I don't think you die if your heart breaks, I think you die if you don't let it break.
I've been thinking a bit about fundamentalist Islam, coming from the context of having grown up within a culture part of which identified as fundamentalist Christian. This had both good and bad meanings. Being totally sold out to what you believe in is not itself a problem.

It strikes me that fundamentalist Islam and fundamentalist Christianity, certainly in the bad elements, are basically the same religion just with some of the names and details swapped around a bit. The same conviction that they are right and others are wrong, and that because you're right anything you do in the pursuit  of that right must be right.

These religions, like any belief system, are a world view as well as a set of beliefs. Mostly people think they're good and not evil (except in their darkest imaginings of course, which we all have). So we rationalise our behaviour by forming a worldview in which our actions are good and right. Or, the way we see the world makes it seem like we're making the right choices. These two amount to the same thing anyway, we rationalise ourselves.

The thing is, in Western culture, we've mostly broken the power of the evil version of Christianity. The wildest of its claims have been shown to be so obviously false that more and more people have just seen it. It's harder to be taken in by it.

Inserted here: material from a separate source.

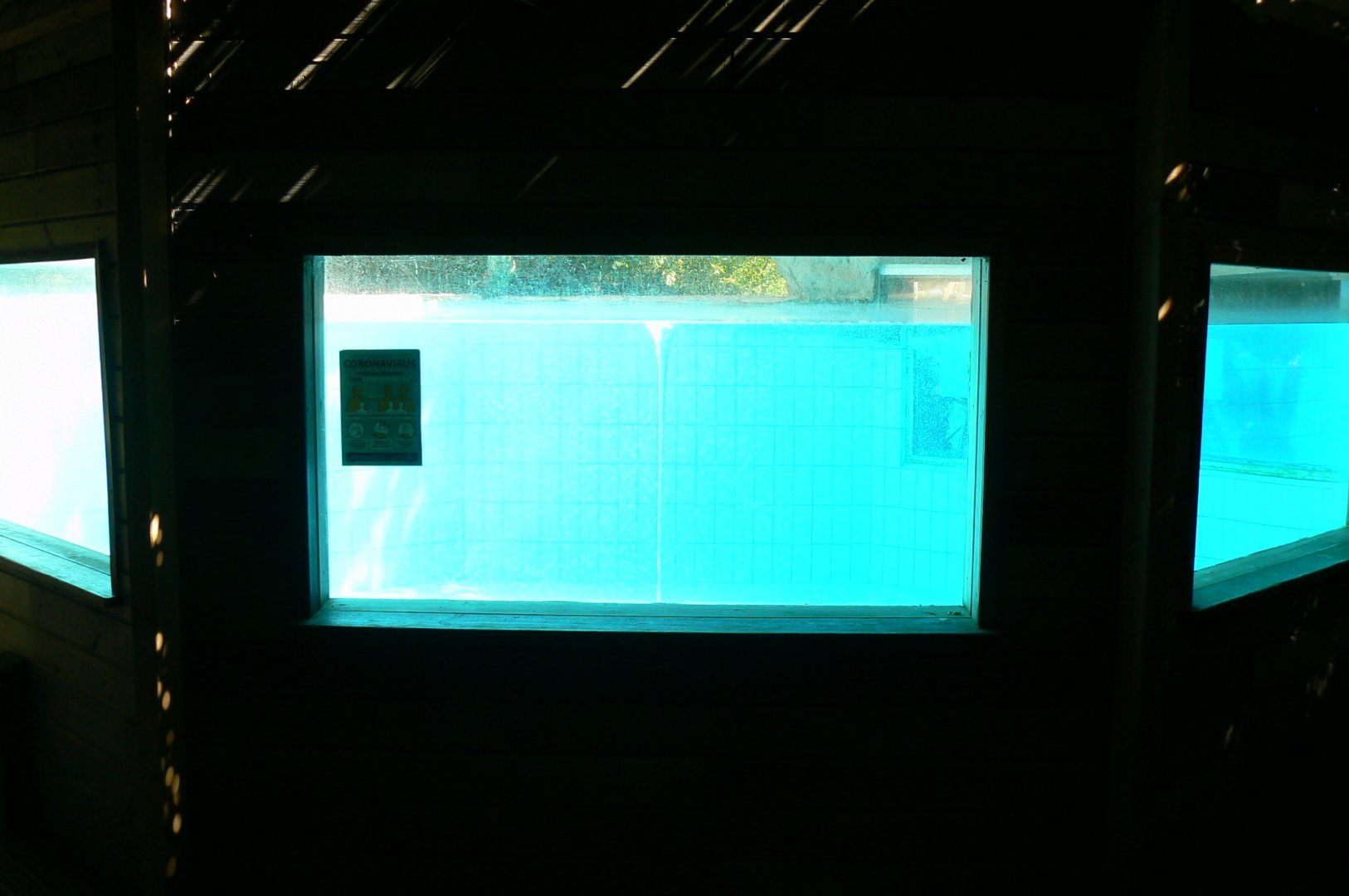 Zoo de la Flèche - Very poor canadian otter exhibit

There is an evil Islam and there is an evil Christianity. I've seen them both. There is a good Christianity, and a good Islam that we can happily live along side of. I've seen them both and they're all just comprised of people. Normal people.

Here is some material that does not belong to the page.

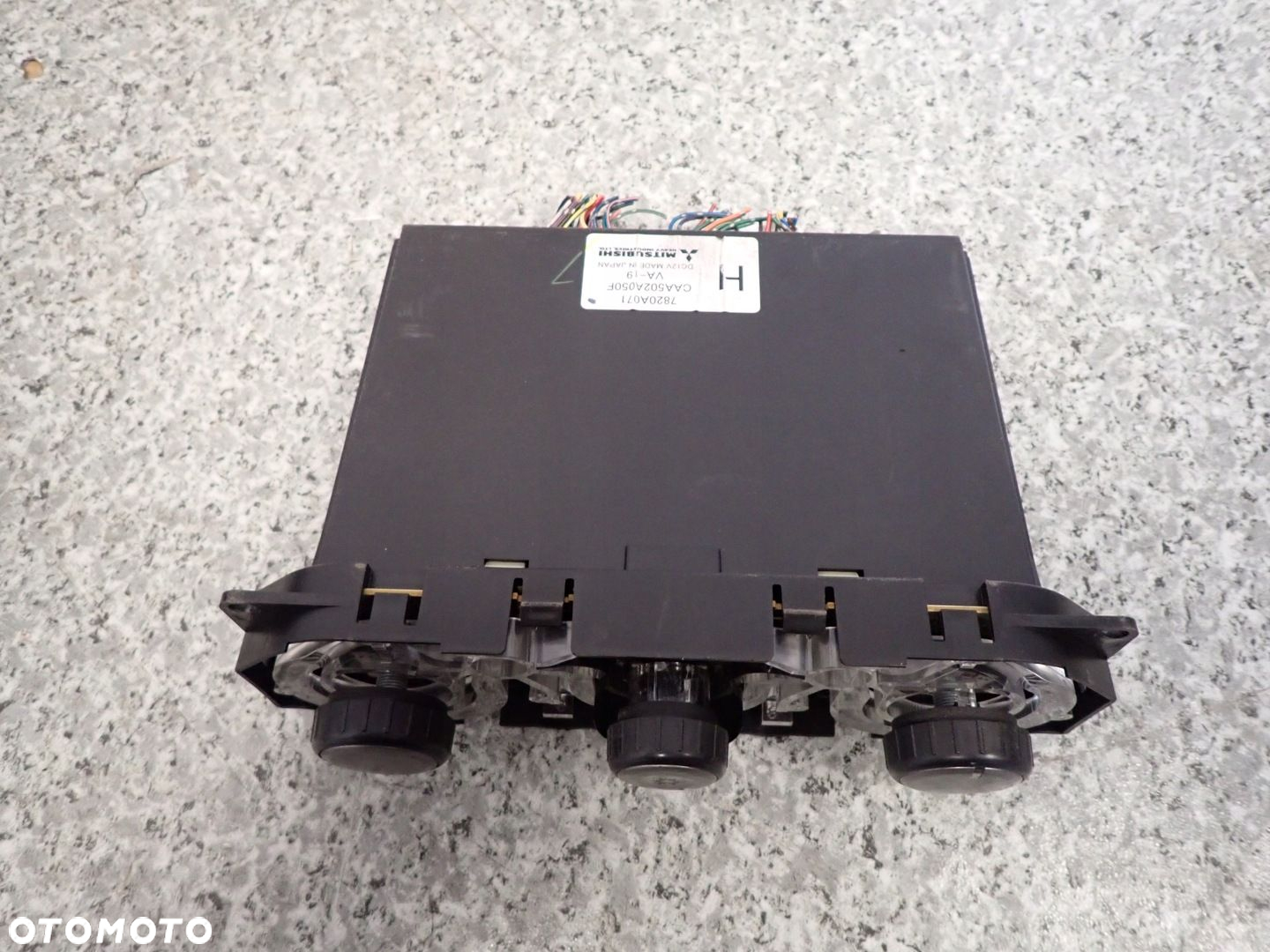 MITSUBISHI GRANDIS PANEL STEROWANIA NAWIEWEM - 4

So the way to deal with fundamentalist Islam, like we're dealing with Christianity is to shed some light on it. We have to be standing alongside those in Islamic communities who are doing just this. That means people have to be able to listen to us, able to really see us and not be afraid of us. That can only happen if we're willing  to live alongside the good Islam. If we're not, if we're in a perpetual state of psychological war with Islam because "it's all bad" (actually because we're scared) then that will only happen more gradually.

It's a journey of course, it is actually quite a different culture and way of seeing the world than the one many of us are used to. That means there's stuff we can learn. New ways of seeing the world are useful.

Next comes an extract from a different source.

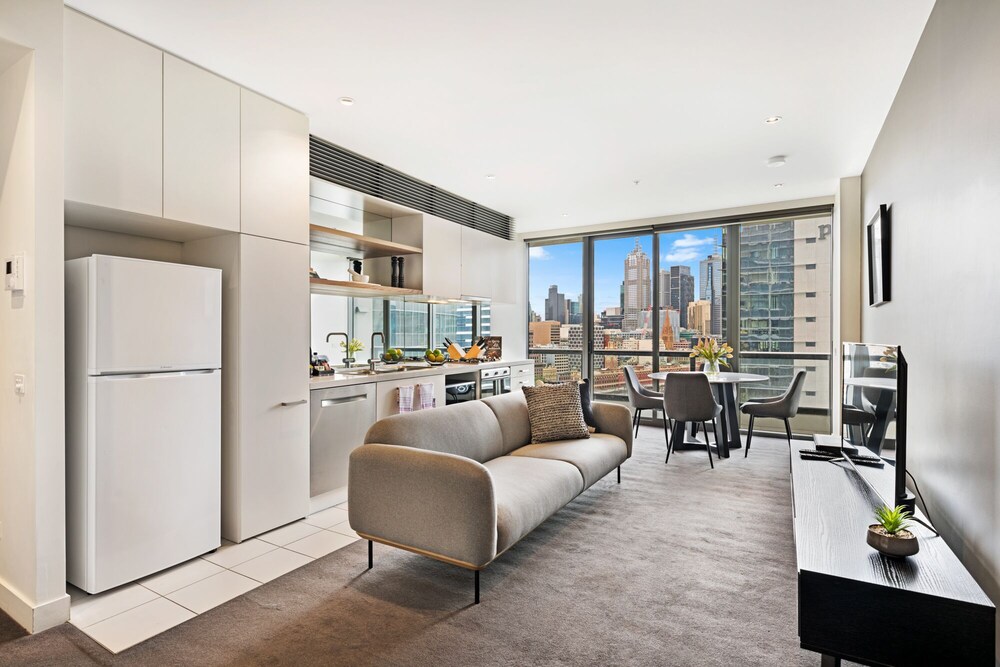 Freshwater Apartments - Corporate Keys 39/71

Even if you disagree with me, the only way to win anyone in any meaningful way is to genuinely love them. So first stop caring about how much you disagree with them. That applies to me as much as to anyone else.


"You can be good without being right. You have to choose to let your goodness make you right. And it starts with accepting that you're probably wrong.

I know I am wrong in so many ways, but I'm willing to be right wherever it may take me and whatever it may cost me."